Hudson drove a bus for 13 years and driving him to continue on was the people. “I like people,” he says of the people he was serving and those that were around him, “dedicated to providing the kind of service we’ve never really had money to provide,” he says.
His career started as a bus driver, and then he began to work through the various departments: scheduling, customer service, parts and maintenance and then ended up in operations. “I find that’s where I really wanted to be; so I’ve been in ops since, all the way up until I became general manger in ’93,” he says.
After working up through the different departments, he knows a little bit about all of it. “I can give some input in to everything but not being the master of any,” he says with a smile. “When you’ve been in the battlefield and they know you’ve been there, there’s an added respect.
“I’ve always allowed my people to do their jobs, I don’t interfere with it in that sense, but I’m always there for counseling, support or advice.”
Spending an entire career in Memphis, he says the experiences and relationships with the community and local government has been beneficial. “I know a lot of the decision makers,” Hudson explains. “That really helps us and with MATA not having a dedicated funding source, we have to go to the city and the state and Feds for our capital and in some cases operating, they can support that.”
He says the reason he’s able to do that is because of the staff, which also has longevity at the agency. Hudson rattles off a list of staff that has been with the agency, all for around 20 years.
“They become experienced and they become more valuable, and if they weren’t good people, they wouldn’t stick around; you wouldn’t allow it,” Hudson says. “So it makes your job easier. And when the turnover does come – the retirement – we try to have succession planning in place.”

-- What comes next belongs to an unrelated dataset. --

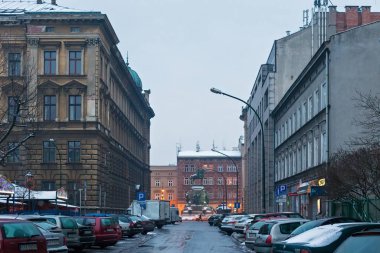 Krakow 'un tarihi bölgesinde Ignacego Paderewski sokağındaki eski binaların karsız kış akşamı manzarası.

Recently, the director of rail, Ms. Harris, retired and the person that took her place had been her assistant for five or six years, so he was able to step right in to the position. “And now we have another young lady working, and he’s training her so he can have a good assistant. If something happens and he leaves, then we have somebody to take over.
“Same thing in paratransit. The manager, James, has been here 35 years, Linda’s been here 10, 12, and she’s been his understudy,” Hudson says. “He said he may retire at the end of this year and she’ll be ready to step right in, so we’re pretty well prepared.
“There’s no way we’ll be able to replace the experience he has when he walks out, but she’ll get it. She’ll get it and that’s the way it works.”